The program will begin in January 2018, but students will have the option of taking online pre-requisite courses in the fall. Classes begin Aug. 22.
The program consists of a minimum of nine courses offered in eight-week sessions. If applicants have maximum transfer credits, the program can be completed in one calendar year of full-time study and costs under $14,000. The tuition rate is guaranteed for two years. Students will be able to apply for up to 35 credit hours of experiential credit toward their degree. This allows nurses who have been working in the field to benefit from that experience.
New Nursing Degree Focuses on Community
Kansas Wesleyan is transitioning from the Bachelor of Science in Nursing to the Bachelor of Science with a major in Nursing. The university will now offer two tracks — a four-year program for pre-licensure students and a one-year program for those who have their Registered Nursing license.
The B.S. with a major in Nursing is the result of a careful analysis and revitalization of the Nursing curriculum at KWU. The new degree will be community-focused with required courses such as Community Health Nursing and Personal, Community and Global Health.

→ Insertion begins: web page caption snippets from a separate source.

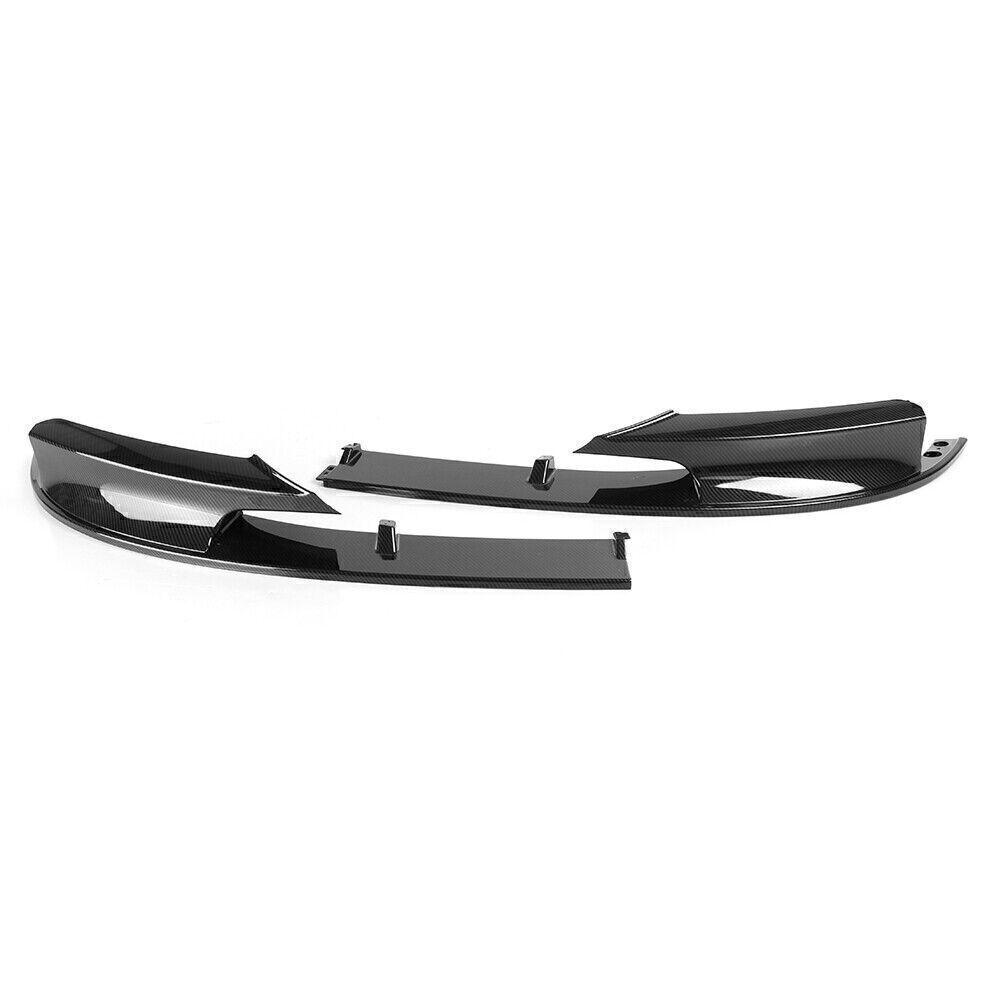 Front Bumper Lip Set Carbon Fiber Style Fit for BMW F30 3 Series M Style 2012-2018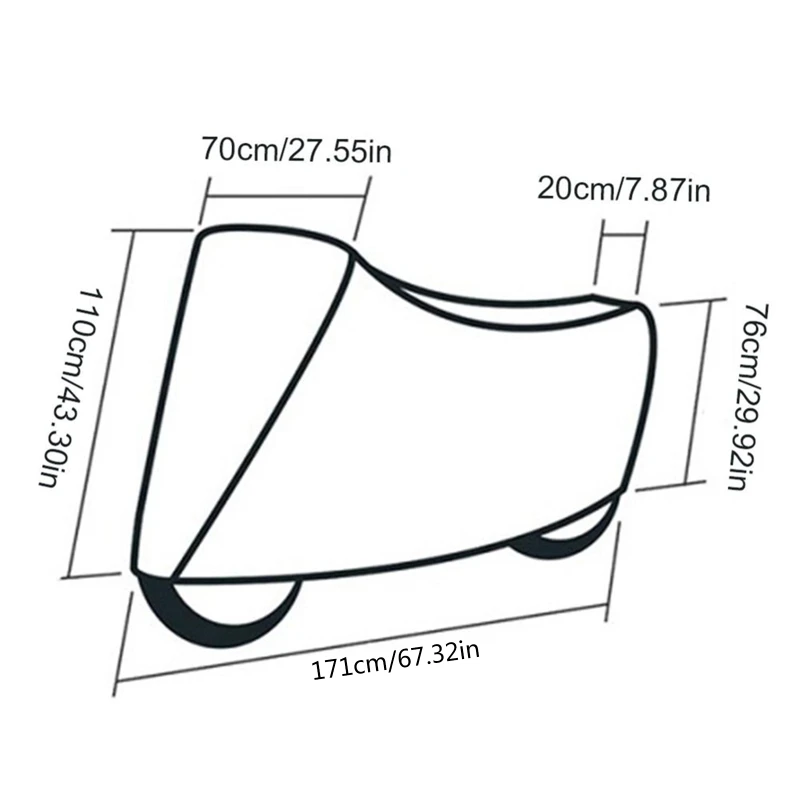 Funda protectora para bicicleta de montaña y carretera, cubierta para exteriores, equipo de protección a prueba de polvo, resistente al agua, protección UV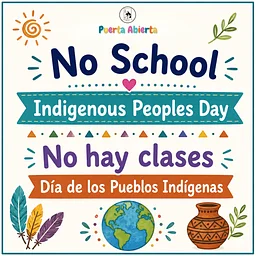 Indigenous Peoples Day (No School)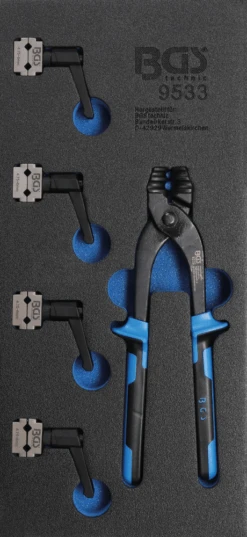 BGS Rohrbiegegerät- Und Bremsleitungsklemmen-Satz | 4,75 + 6 Mm – 9533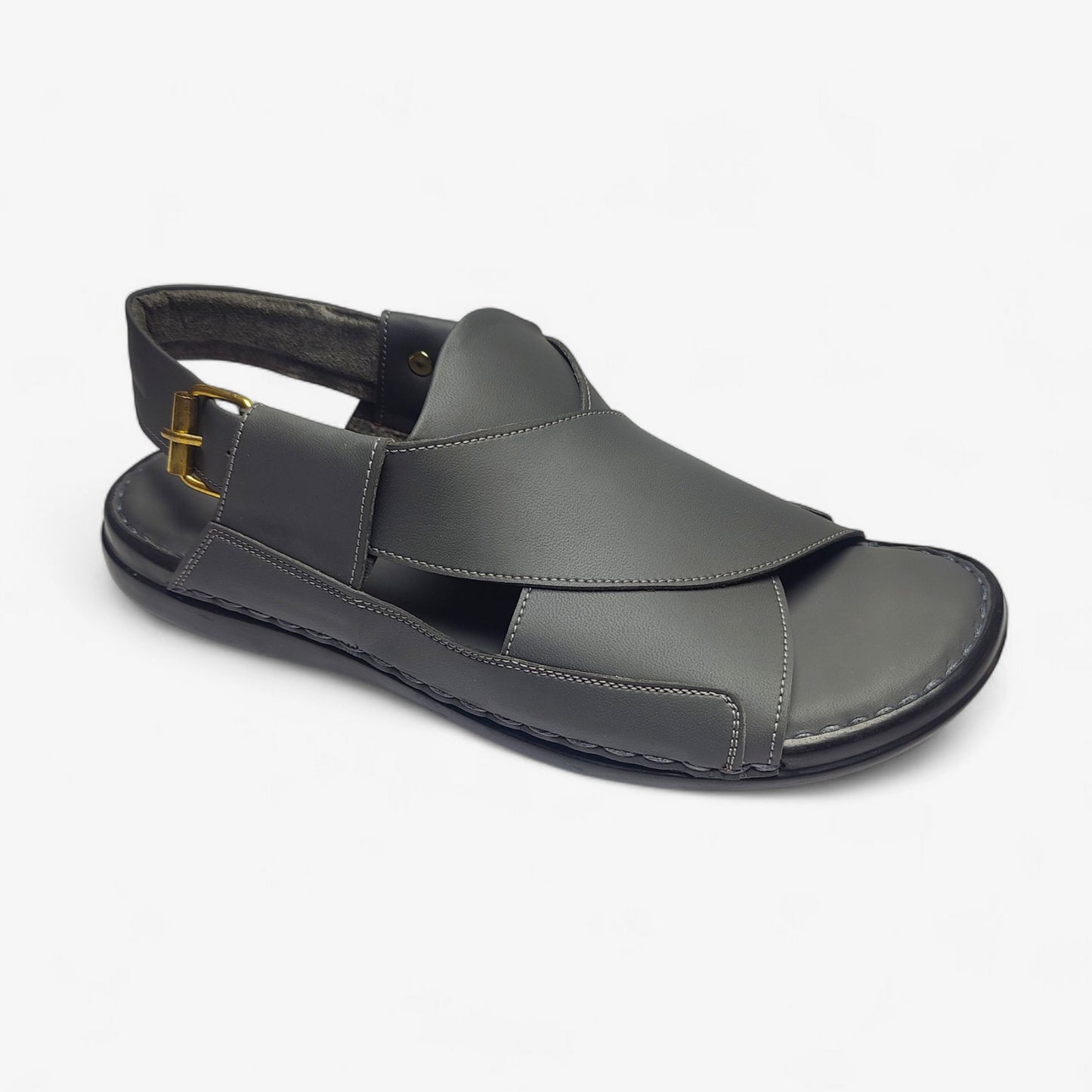 Modern Leather Peshawari Chappal - LS09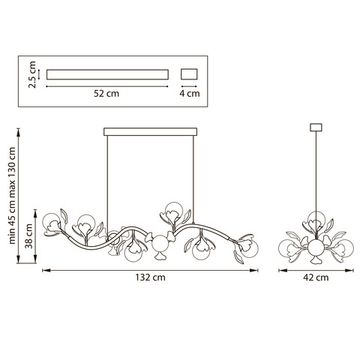 Подвесной светильник 8*G9 799087 черный/белый Ceramo BW Lightstar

“We believe it is part of our missional responsibility to offer a Nursing program to help meet the needs of the community,” KWU President Matt Thompson said. “The most recent site visit from the Kansas State Board of Nursing was extremely positive.”
The university has submitted formal application to the Commission on Colligate Nursing Education (CCNE) for accrediting the B.S. with a major in Nursing, both online and on-ground.
“This will be a new program CCNE will review. Since we met all requirements except historical pass rates on the review of the B.S.N., we are in an excellent position to be accredited with the B.S. with a major in Nursing as pass rates aren’t a factor with new programs,” Thompson said.
CCNE will visit next spring. If the program is approved, KWU will receive notification in the fall. The B.S. with a major in Nursing program will offer the same level of nursing skill for graduates as a B.S.N.
The American Association of Colleges of Nursing website states, “Depending on the nursing school you attend, graduates of the baccalaureate program may receive a BSN (Bachelor of Science in Nursing) or a BS in Nursing degree. Please note that there is no substantive difference in the degrees offered. The degree title used is purely an institutional decision and does not connote differences between BSN and BS programs in nursing.”
KWU will welcome 18 pre-nursing students to its program in fall 2017.